If you use iGoogle, you’ll  be happy to know that there are actually options to backup, export or import your iGoogle personalized homepage. Here’s how:

  1. Go to the settings page for your iGoogle homepage found at www.google.com/ig/settings
  2. Scroll to the bottom of the page and look for the Troubleshooting and Export/Import sections as shown below:
    igoogle settings

You’ll need to decide whether you want to just manually backup your iGoogle page or if you actually want to Export all of your settings to your computer as an XML file which can be imported at a later date. Manually backing-up your iGoogle page just means that when you click “backup,” Google will be sure to, at that moment, create a backup of your page on their servers. That way if you were to have any issues with your page (maybe you made some changes that you didn’t like), you could go back and click “Restore Now” to get it back the way you had it. If you decide to export your settings, you’ll actually have a file on your computer which you can import later on should something happen to your page. This would include all of your tabs, gadgets, layouts, and themes that you used on your iGoogle page.

Now you’re probably wondering how this would be useful, right? The one thing that came to mind when I was thinking about a backup solution for a website was Gmail. There have been multiple instances where Gmail users lost everything in their accounts after Google had issues with the service (read here, here, and here). Knowing it has happened to Gmail users makes me wonder if an outage could cause users to lose all of their iGoogle data at some point. If it happened, then those who exported an XML file with all of their settings could easily get everything back.

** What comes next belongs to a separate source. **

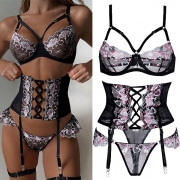 Sexig genomskinlig Gaze Heart Broderi Underkläder i tre delar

These types of backup features help users be more confident that they won’t lose their data, and it would actually be nice to see a back-up solution for other web services like social networks and email. There are several reasons why we could see services decide not to offer such an option. One reason is that they might not want others to view them as unreliable (does Google view themselves as unreliable? Or are they just try to help their users rest assured that nothing will happen to their pages?). Another reason we thought of was with an email service like Gmail.  If Gmail offered a way to download all of your emails (a backup), a competitor (like Yahoo or Hotmail) could create an importer so that it would be easy to switch to a new service and have all of your messages.

If you could pick any web service to offer a backup solution, which service would you pick?